While it’s likely too late to impact it’s passage, Senate Bill 3202 represents an important “teachable moment” for those interested in the legislative process (or lack thereof).
Please grab a chair, a quiet corner somewhere, and read the below paragraphs taken from the exact language legislators are voting on (and the only language the public was provided with) – 10 or 15 minutes should do it.
The first key component says “each county shall adopt or amend ordinances defining reasonable standards that allow for the construction of at least two accessory dwelling units, or the reasonable equivalent, for residential use on all residentially zoned lots …defined as … a zoning lot in a county zoning district that is principally reserved for single-family and two-family detached dwellings … does not include a lot in a county zoning district that is intended for rural, low density residential development, and open space preservation.”
Translation,“Every county shall pass laws allowing at least 3 houses/units for residential use (not commercial or other use) to be built on almost every residential lot in the county.”
Further translated for property owners, “With the passage of SB3202, regardless of the size of your existing residentially zoned lot, you will be legally allowed to build, sell and/or rent three houses/units on your lot.
With the stroke of a legislative pen your personal financial balance sheet goes up as the value of your property will be increased instantly and substantially — and you don’t have to do diddly squat.
While the intent of SB3202 is to encourage people to use this windfall of increased residential density to build housing, there are no requirements to build anything within any specific timeframe, nor any requirement the housing be affordable. These units can be CPR’d and sold as individual separate homes or rented for top dollar at market rates.

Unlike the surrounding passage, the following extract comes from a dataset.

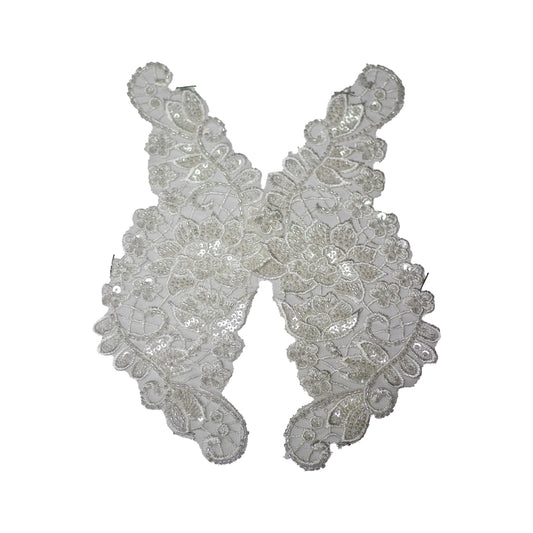Decorative lace piece with intricate patterns on a white background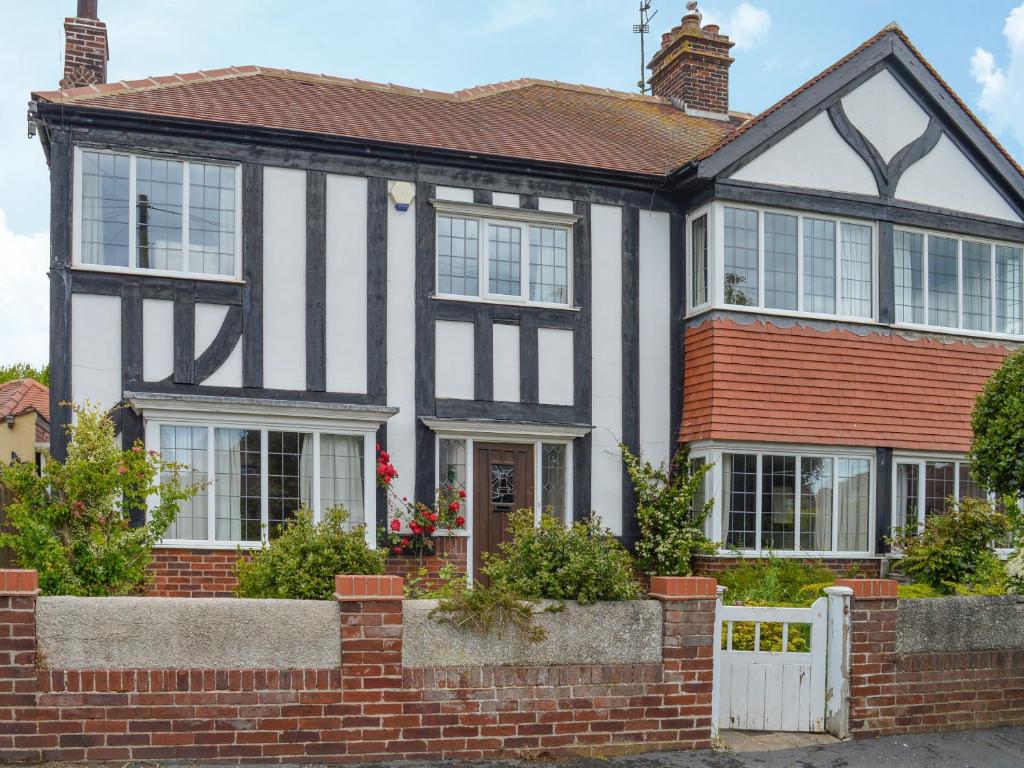 a black and white house with a brick fence at Number Three in Bridlington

If you’re a large developer and own 100 residential lots, you now get the benefit of building 300 houses, with no requirements for affordability nor additional rules prohibiting short-term vacation rentals.
Of course the county can and will require adequate parking, water, fire infrastructure and roadways must be adequate. Of course. (wink wink)
The purpose of SB3202 is to dramatically increase the inventory of homes and speed up the development process statewide.
Unfortunately because there are no provisions requiring affordability, the majority of homes will be sold or rented “at market” (driven by tourism, out-of-state investors, and wealthy retirees), and out of reach for most local residents.
In addition to the huge gift of increased density, SB3202 is also intended to dramatically speed development. On Kaua‘i, this translates to removing the Planning Commissions oversight, which also removes community input, and the right to “contested case hearings” and transferring approval authority to a single individual, the Kaua’i planning director.
Unfortunately this power transfer is hidden in legalese which no regular member of the public could ever understand.
“(g) Notwithstanding any other law…any administrative authority to accept, reject, and approve or deny any application for subdivision, consolidation, or resubdivision of a parcel of land that has been fully zoned for residential use within the state urban district … shall be vested with the director of the county agency responsible for land use.”
Notice this paragraph does not mention Kaua‘i County, and certainly doesn’t clearly state the power of subdivision approval in the urban district is being taken from the Kaua‘i Planning Commission and given to one single individual, the Kaua‘i planning director.
Whether you agree or disagree with the housing development strategy proposed by Kaua’i Rep. Luke Evslin (a staunch advocate of SB3202), Kaua’i residents deserve to know about major proposals directly impacting their community before the votes are cast.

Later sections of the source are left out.